Hm... I think the man should pay for the first couple dates, even (maybe especially) if the girl asks him out, but after the second or third, the woman should at least *offer.*
Aside from being a nice gesture on the part of the guy to pay in the "courting" period, it maybe also provides a good social structure to help answer the ever-pressing question of "Is this a date?"
Once when I was 17 and had never been on a date before, a friend of mine who was both a coworker and a classmate at my college asked me if I wanted to meet to work on a class project and then get dinner. I said yes, the idea that he was asking me out never even crossing my mind. Then somewhere in the middle of dinner, something (I don't remember what now) tipped me off that this was a date, and I didn't mean for it to be a date. Maybe if I had realized it was a date, I still would have said yes, but since I hadn't had time to think about it, I was a little flustered. When the waiter came to clear our plates, I asked for the check to be split in two, hoping to send the message to my friend that I had not considered it a date, though he still insisted on paying for my drink.
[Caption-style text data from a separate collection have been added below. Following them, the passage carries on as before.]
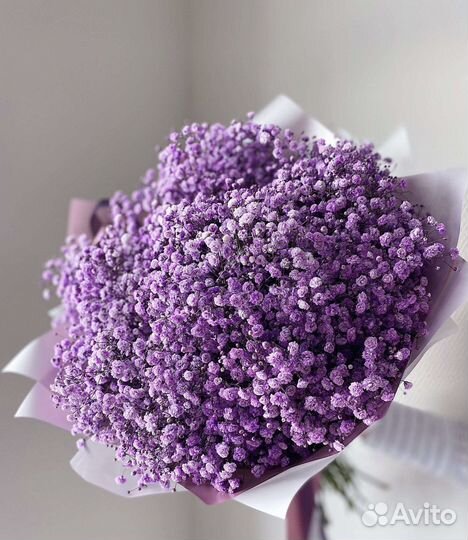 Букет из гипсофилы оптом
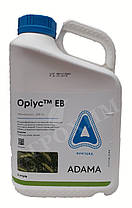 Фунгіцид Оріус ADAMA - 5 л, фото 3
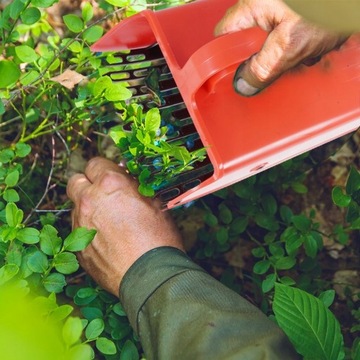 ZBIERACZKA RĘCZNA DO JAGÓD BORÓWEK OWOCÓW 15x10x9CM (Q2) Z GRZEBIENIEM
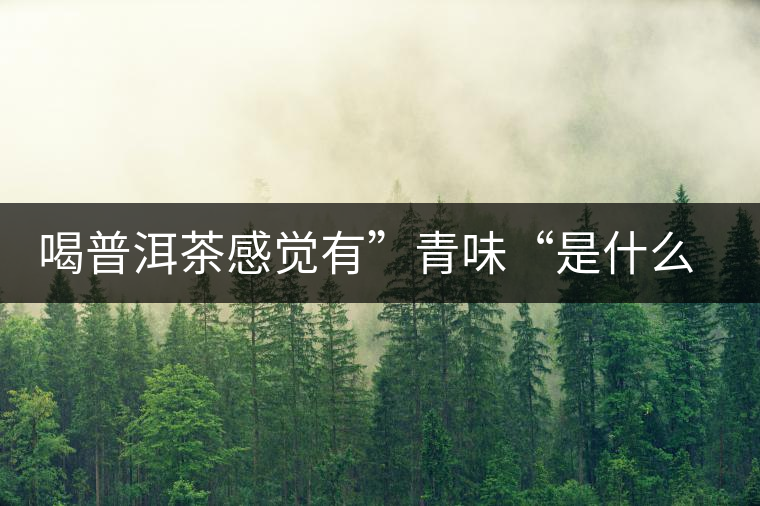 喝普洱茶感覺有”青味“是什么原因？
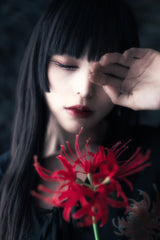 Cluster amaryllis Poster och Canvastavla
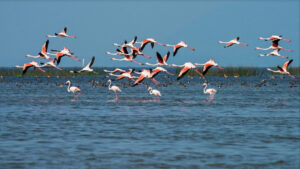 Chilika Lake Bird Sanctuary, Orissa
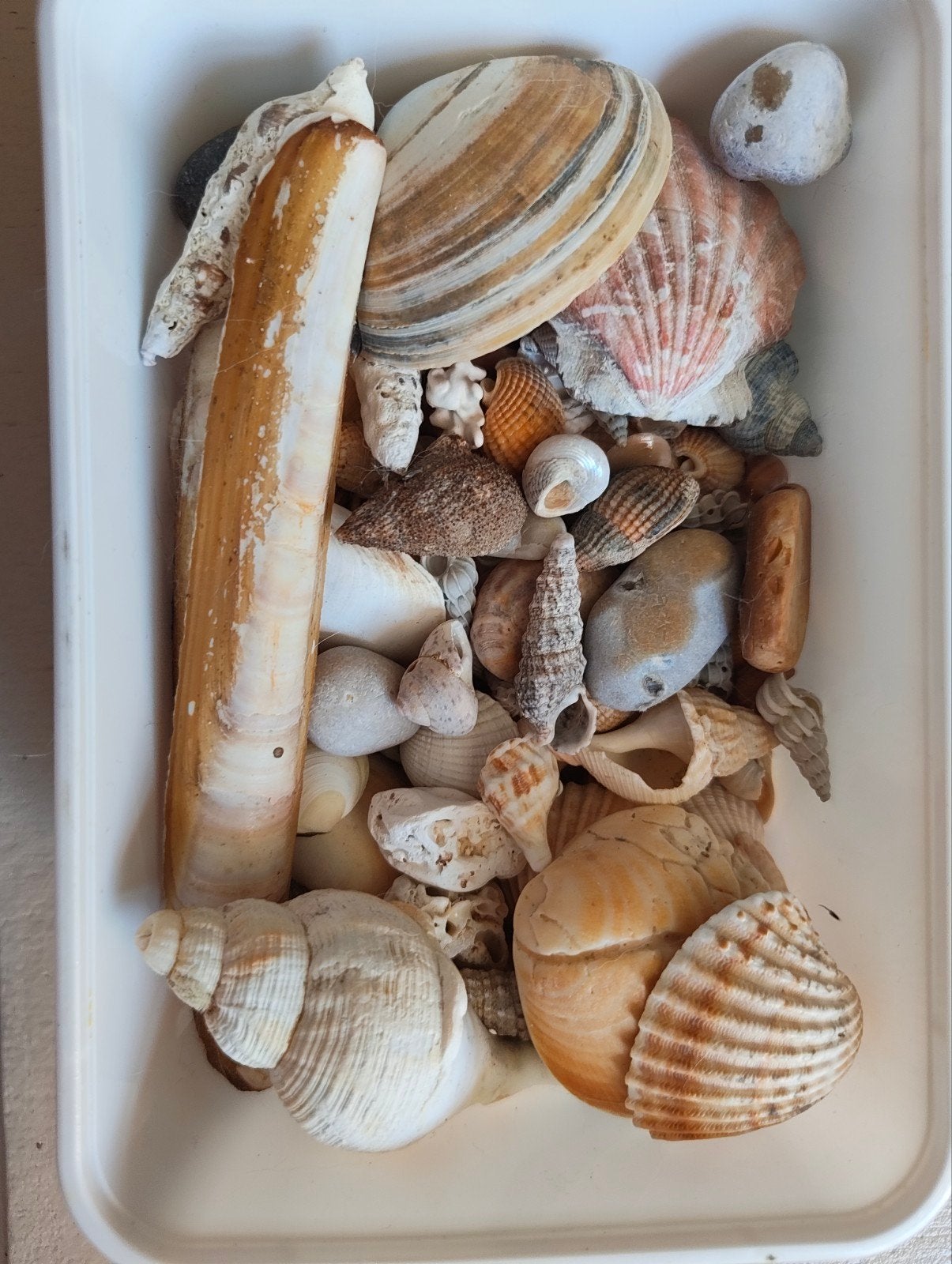 Lot de coquillages et petites pierres pour déco ou bricolage, Enlèvement ou Envoi, Coquillage(s)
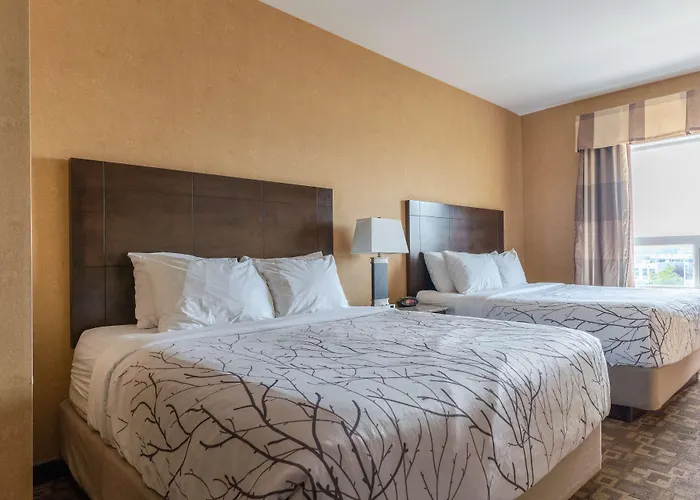 Best Western Plus South Edmonton Inn & Suites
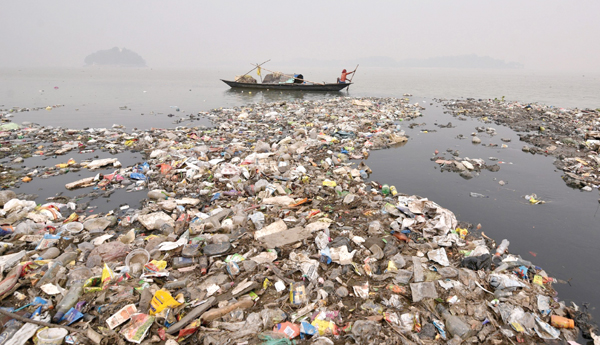 భవిష్యత్తుకు భరోసా.. జీవ వైవిధ్య సంరక్షణ..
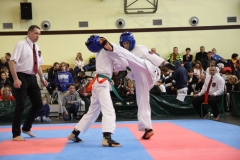 IMG_0231-20130414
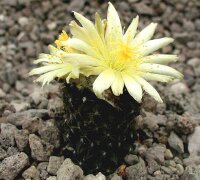 Copiapoa tenuissima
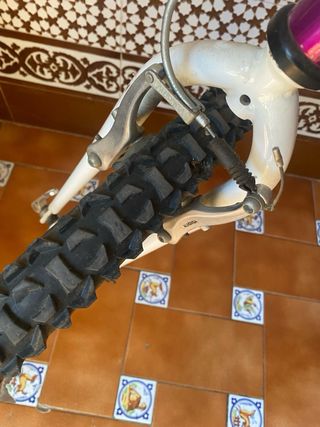 Bicicleta Infantil Montaña Morada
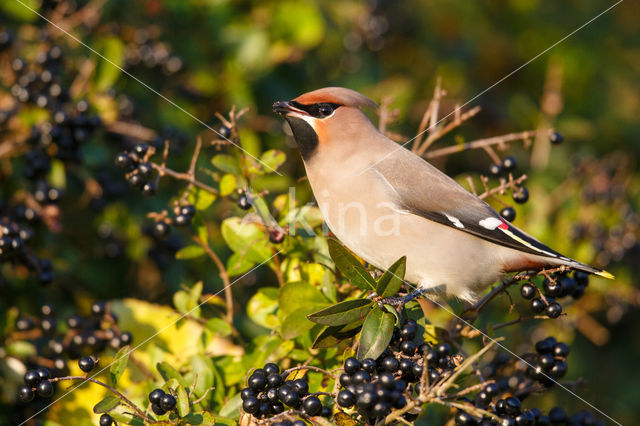 Bohemian Waxwing (Bombycilla garrulus)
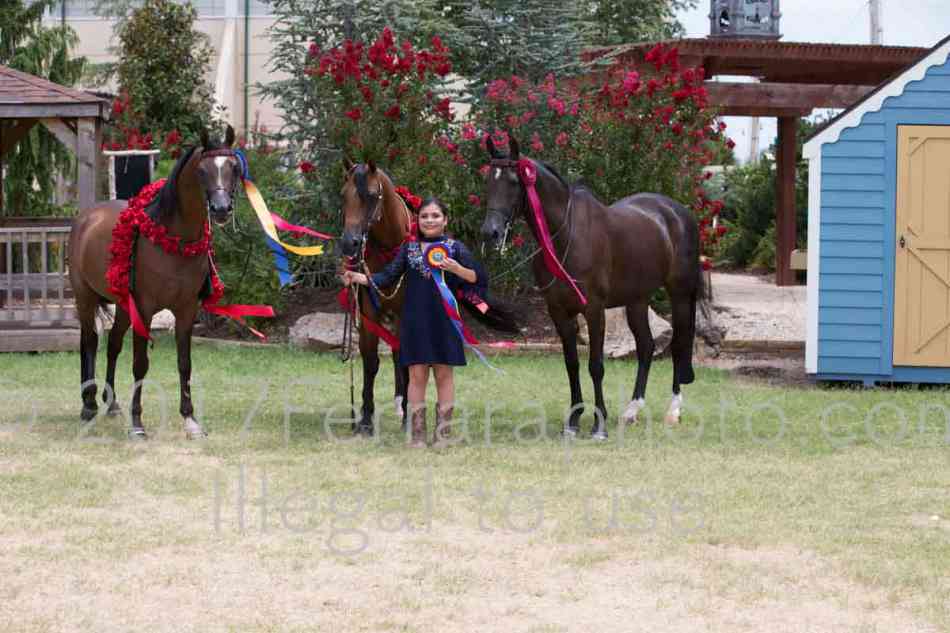 Proof Number 17YN_3217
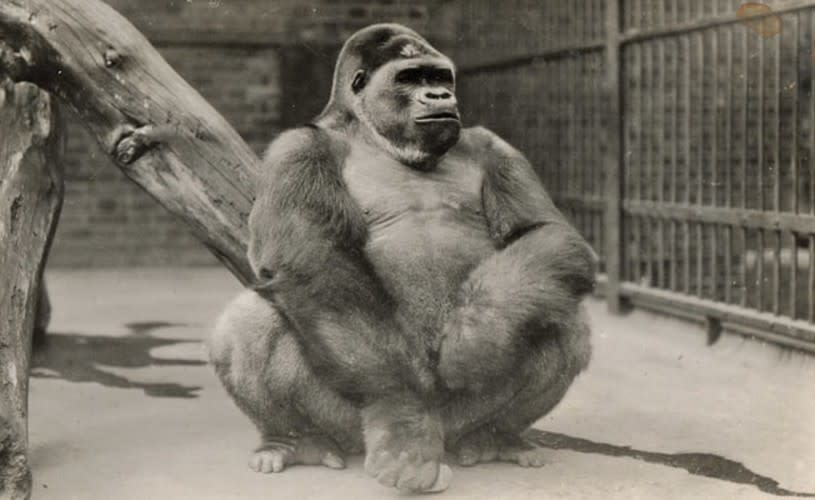Alfred the gorilla at Bristol Zoo Gardens - credit Bristol Zoo Project archive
I don't really know if that really helped to clarify anything, especially because I still never know if I should count that as my "first date," since in all other ways, it certainly looks like it was, in retrospect. But the story seemed relevant.
Anyway, once you're "in a relationship," i.e., past the courting point, I think dates should be shared.
Oh, another reason I think that past a certain point, women should pay is that this sentence:
"I feel rather guilty now about the many dinners I ate at the expense of others, and now rather wish I hadn't, but had stayed in with a book or done more homework."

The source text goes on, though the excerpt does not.